This is an assignment given on Week 3, Day 3 of the Data Analytics Internship under Prof. Sameer Mathur, IIML.
Read the data into R and summarize it.
Airdata <- read.csv(paste("SixAirlinesDataV2.csv"))
View(Airdata)
summary(Airdata)
Draw Box Plots / Bar Plots to visualize the distribution of each variable independently
library(psych)
describe(Airdata)
describe(Airdata$FlightDuration)
boxplot(Airdata$FlightDuration, horizontal = TRUE, xlab="Duration(hours)")
table(Airdata$TravelMonth)
barplot(table(Airdata$TravelMonth), xlab="Month", ylab = "No. of Flights", col="yellow" )
table(Airdata$IsInternational)
barplot(table(Airdata$IsInternational), ylab = "No. of Flights", col="blue" )
describe(Airdata$SeatsEconomy)
boxplot(Airdata$SeatsEconomy, horizontal = TRUE, xlab="No. of Seats")
describe(Airdata$PitchEconomy)
barplot(table(Airdata$PitchEconomy),xlab="Pitch(Inches)", ylab = "No. of Flights", col="grey" )
describe(Airdata$WidthEconomy)
barplot(table(Airdata$WidthEconomy),xlab="Width(Inches)", ylab = "No. of Flights", col="red" )
describe(Airdata$PriceEconomy)
boxplot(Airdata$PriceEconomy, horizontal = TRUE, xlab="Ticket Price(USD)")
describe(Airdata$PriceRelative)
boxplot(Airdata$PriceRelative, horizontal = TRUE, xlab="
(PricePremium - PriceEconomy) / PriceEconomy")
describe(Airdata$SeatsTotal)
boxplot(Airdata$SeatsTotal, horizontal = TRUE, xlab="No. of Seats")
describe(Airdata$PitchDifference)
barplot(table(Airdata$PitchDifference),xlab="PitchDifference(Inches)", ylab = "No. of Flights", col="grey" )
describe(Airdata$WidthDifference)
barplot(table(Airdata$WidthDifference),xlab="WidthDifference(Inches)", ylab = "No. of Flights", col="green" )
library(corrgram)
corrgram(Airdata, order=FALSE,
lower.panel=panel.shade,
upper.panel=panel.pie,
text.panel=panel.txt,
main="Corrgram of analyze relations between variable of dataframe")

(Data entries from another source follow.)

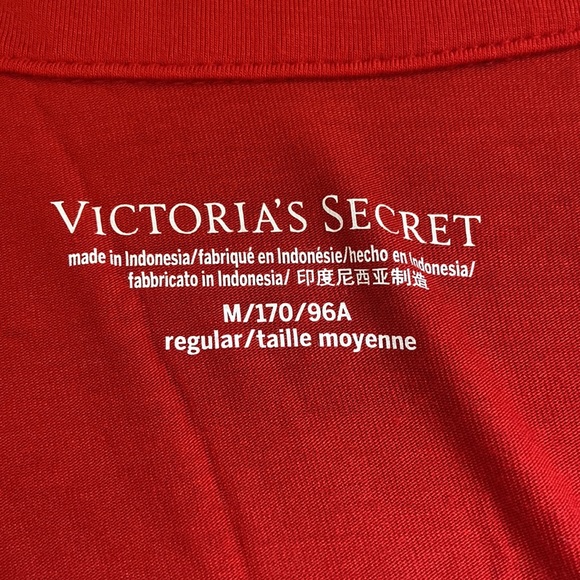 victoria’s secret christmas pajamas - Picture 2 of 3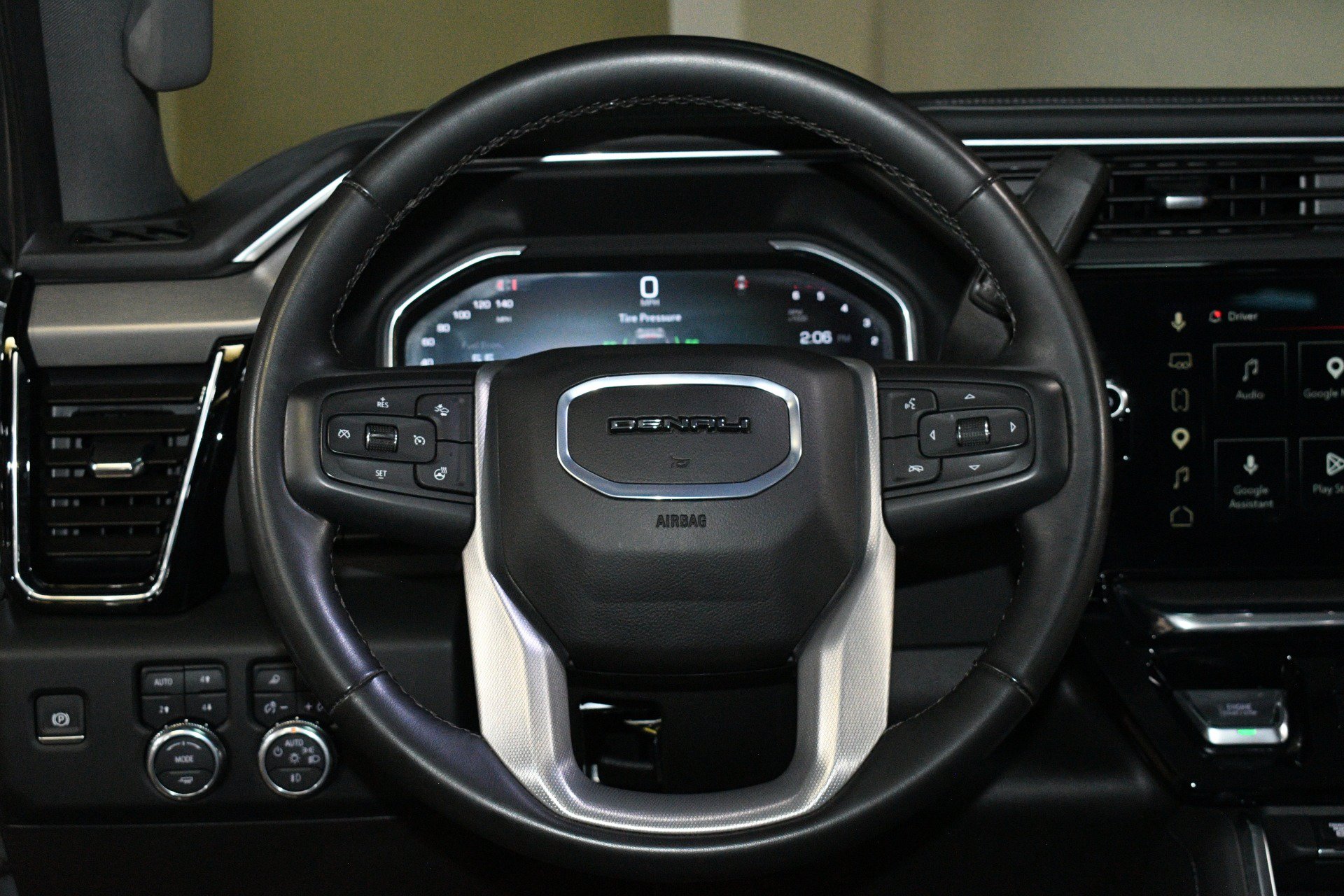 Used 2024 GMC Sierra 2500 Denali w/ Denali Reserve Package AWD/4WD image 23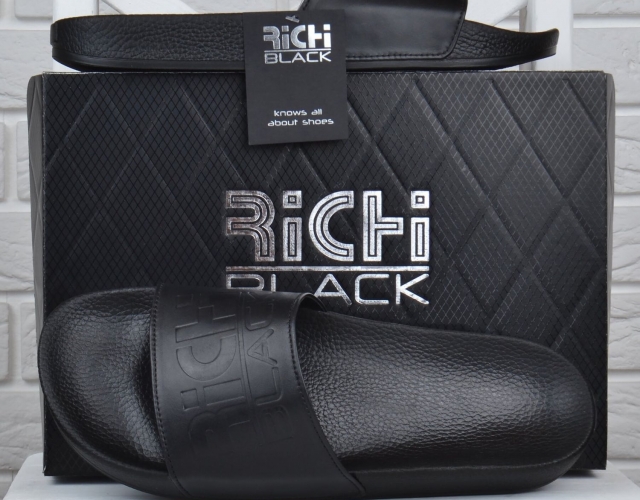 Шльопанці чоловічі шкіряні Richi Black чорні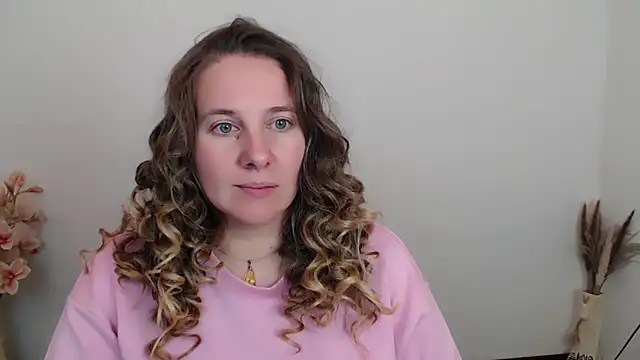 Darklure  online show from October 7, 10:29 pm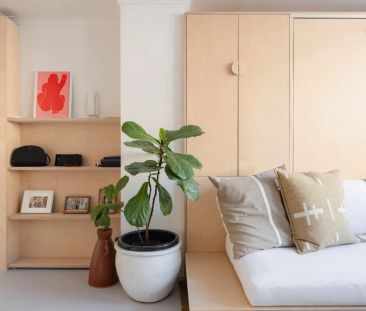 Stylishly Renovated Split-Level Apartment in Prime City Fringe Loca... - Photo 6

A.Test on the correlation between difference of price and PitchDifference .
cor.test((Airdata$PricePremium-Airdata$PriceEconomy),Airdata$PitchDifference)
library(car)
scatterplot((Airdata$PricePremium-Airdata$PriceEconomy),Airdata$PitchDifference)
B.Test on the corelation between difference of price and WidthDifference.
cor.test((Airdata$PricePremium-Airdata$PriceEconomy),Airdata$WidthDifference)
scatterplot((Airdata$PricePremium-Airdata$PriceEconomy),Airdata$WidthDifference)
C.Test on the corelation between difference of price and FlightDuration .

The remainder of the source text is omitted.